C’est donc moins une recréation de la nature qu’une représentation de la nature. N’y-avait-il pas meilleur moyen, pour les aménageurs du TMG, de répondre à la demande sociale d’accès à la mer des tôkyôtes ? Cette nature produite est par ailleurs prête à être consommée. Elle s’avère en cela plus satisfaisante que la vraie nature : plus proche, accessible en quelques dizaines de minutes à partir du centre ville, disponible été comme hiver, dotée d’infrastructures d’accueil, et sans risque de tsunami.

Comparées à Daiba, les plages artificielles de Chiba font pâle figure (photo 34). Les aménageurs ont pourtant tenté de reproduire un espace côtier naturel. Mais la plage subit une érosion éolienne constante et demande un engraissement régulier de sable à partir des zones de dragage du centre de la baie. Cela, avec le creusement des chenaux dans la baie, provoquent des coulées de sable rendant la baignade dangereuse. Elle est interdite depuis 2001, car les coûts d’entretien de la plage pour sécuriser les aires de baignades étaient trop onéreux (Watanabe et Tsushiya, entretiens 2005). La vie marine, elle, est quasiment nulle (Nakayama, entretiens 2005).

Photo 34 : Plage
Photo 34 : Plage Kaihin Makuhari à Chiba Mihama-ku. Au fond à droite, les usines pétrochimiques sur terre-pleins du groupe Mitsui.
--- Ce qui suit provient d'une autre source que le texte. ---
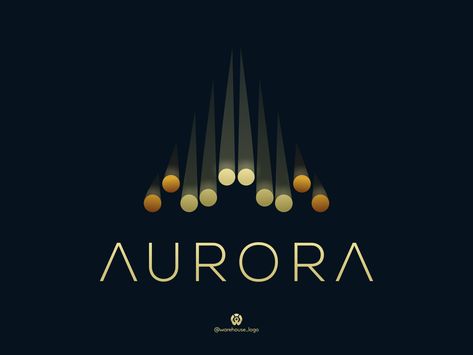 Aurora Logo, Fashion Logo Branding, Logo Design Typography, How To Make Logo, Abstract Logo, Fashion Logo Design, Typographic Design, Cool Logo, Branding Design Logo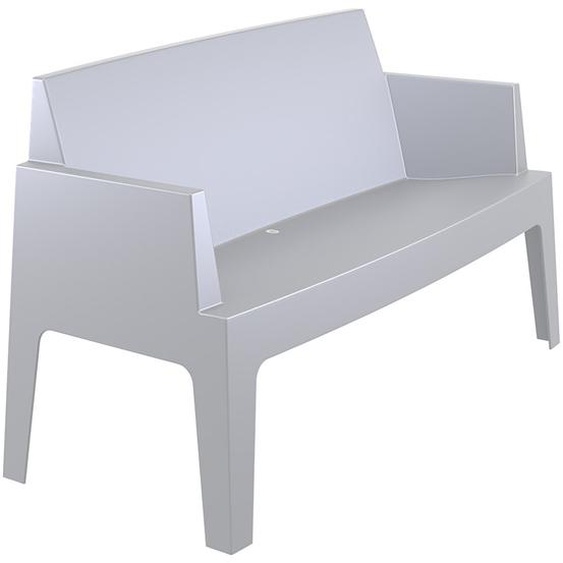 Banc de jardin PLEMO XL gris clair en matière plastique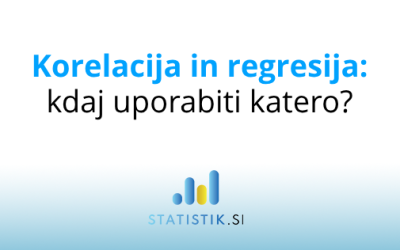 Korelacija in regresija: kdaj uporabiti katero?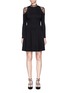 Main View - Click To Enlarge - ALICE & OLIVIA - Candice' lace insert jersey dress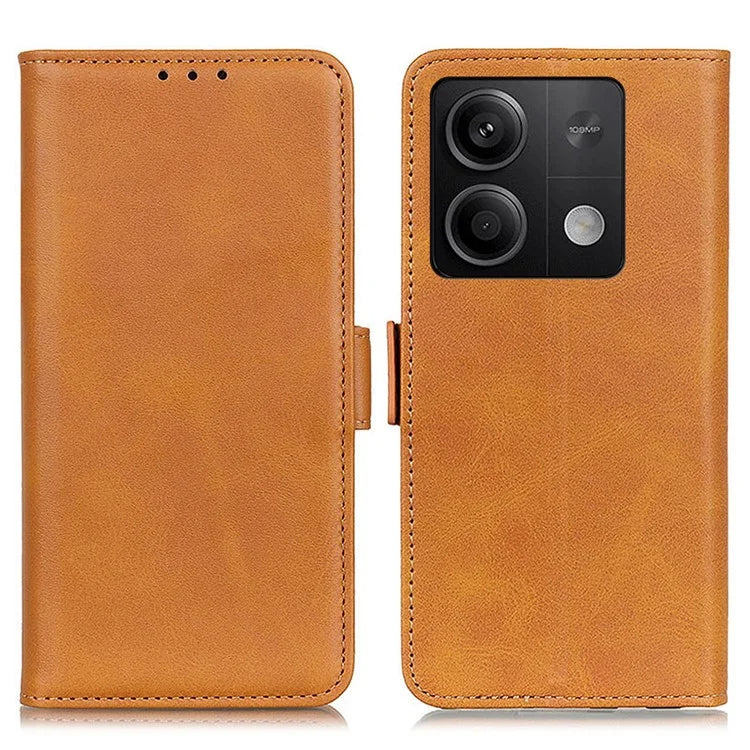 For Xiaomi Redmi Note 13 5G / 13 5G (China) Leather Case Magnetic Clasp Wallet Phone Cover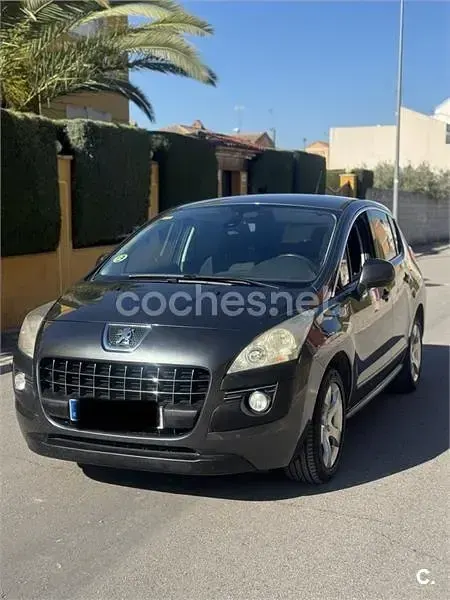 Begagnad Peugeot 3008 110 HK (80 kW) 2010 Svart Kombi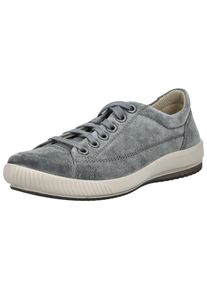 Legero Damen Schnürschuh "Legero Halbschuhe Veloursleder", Gr. 38,5, grau, Veloursleder, casual, Schuhe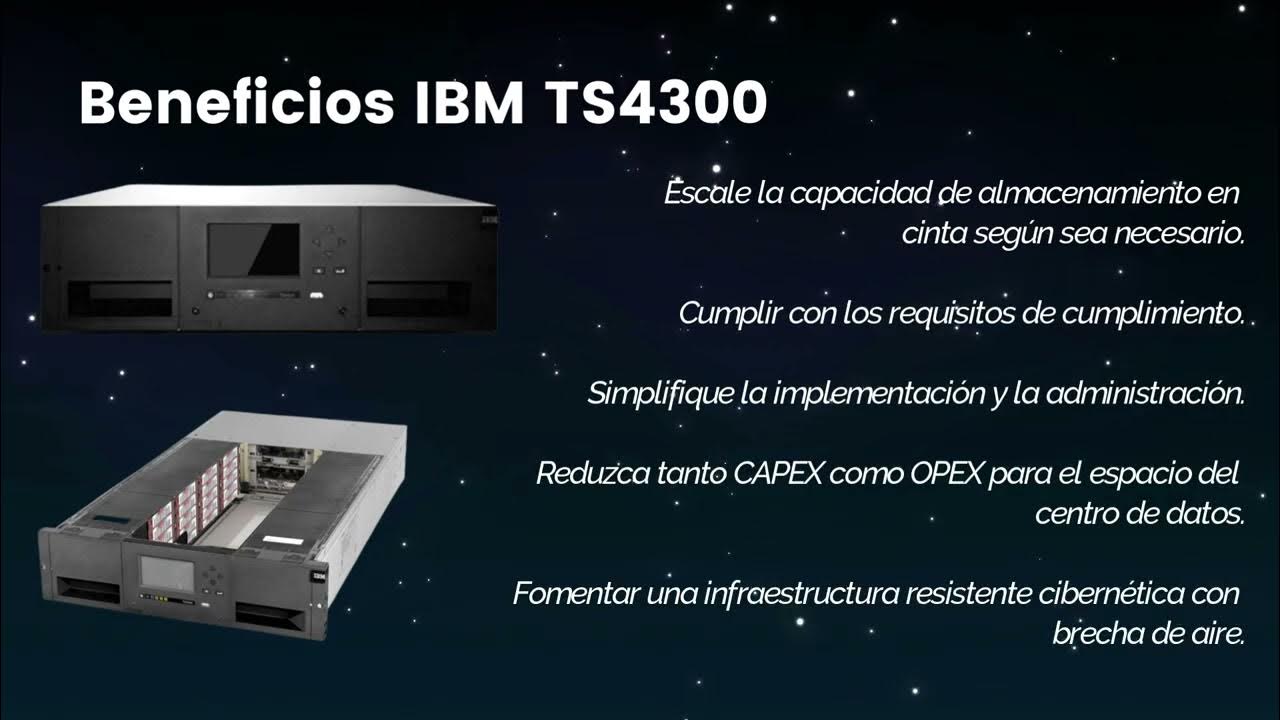 Biblioteca de cintas IBM TS4300 YouTube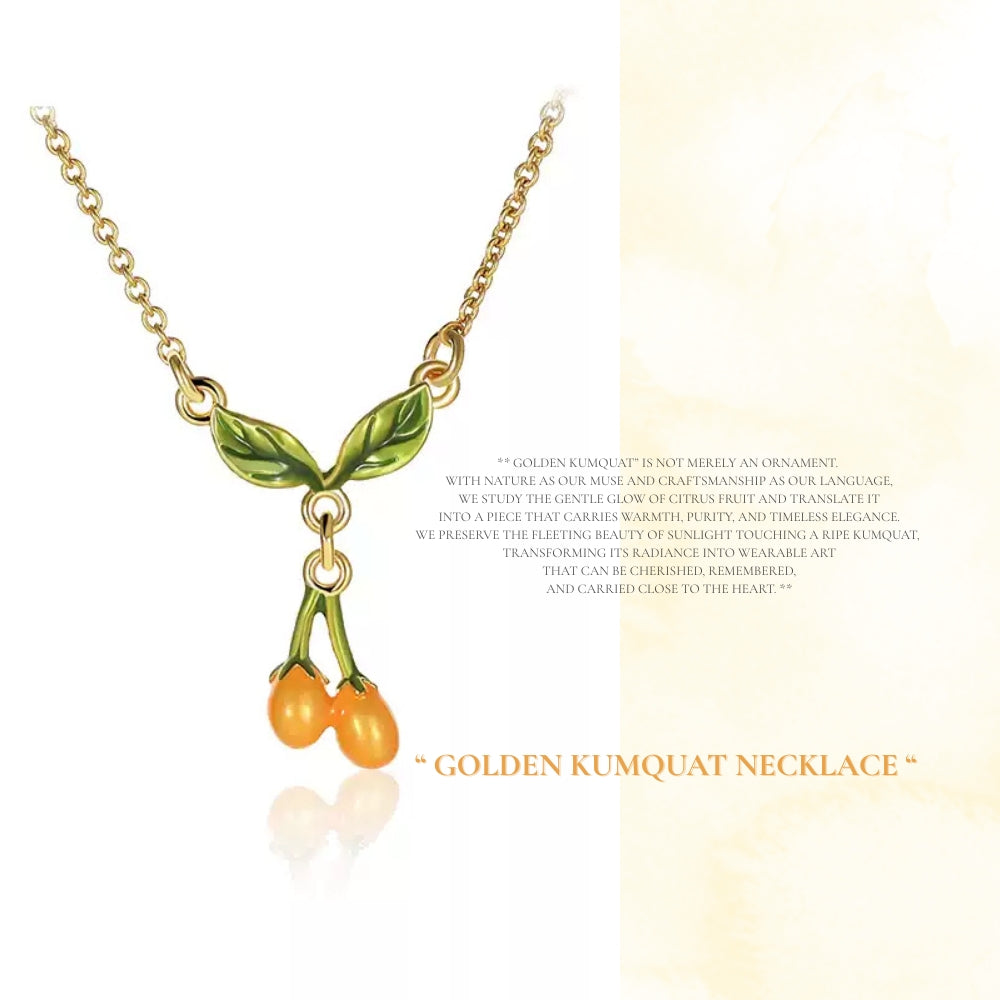 Golden Kumquat Necklace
Dans la baie de Tôkyô, les plages naturelles ont toutes disparu depuis la HCE. Le débat d’un retour de la nature ne se pose donc plus. En revanche, c’est la question de la gestion du littoral et de son accès par les populations locales qui faisait débat dans les années 1970, à travers la question du droit à la mer (irihamaken入浜権) (Pelletier, 1992). En conséquence, à Tôkyô, il est important que l’aménagement soit conforme à l’idée et aux usages du littoral par les citadins. La conformité au milieu naturel littoral passe au second plan et interfère peu dans le débat, surtout lorsqu’on compare les résultats esthétiques du front de mer avant et après l’aménagement 168 .

Il ne faut pas y voir une particularité locale ou une aptitude japonaise à apprécier l’artificiel et la copie : le succès de l’opération « Paris-plage », sur une voie express intra urbaine, dans un lieu qui n’a jamais connu de plage, avec du sable et des palmiers importés permet de jauger l’efficacité du remplacement de la nature par des référentiels à la nature, imaginés pour contenter les populations urbaines.

Notes
167.

Voir annexes II p. 220 et suivantes

168.

Voir supra le front de mer avant l’aménagement de la zone 13, chapitre 1.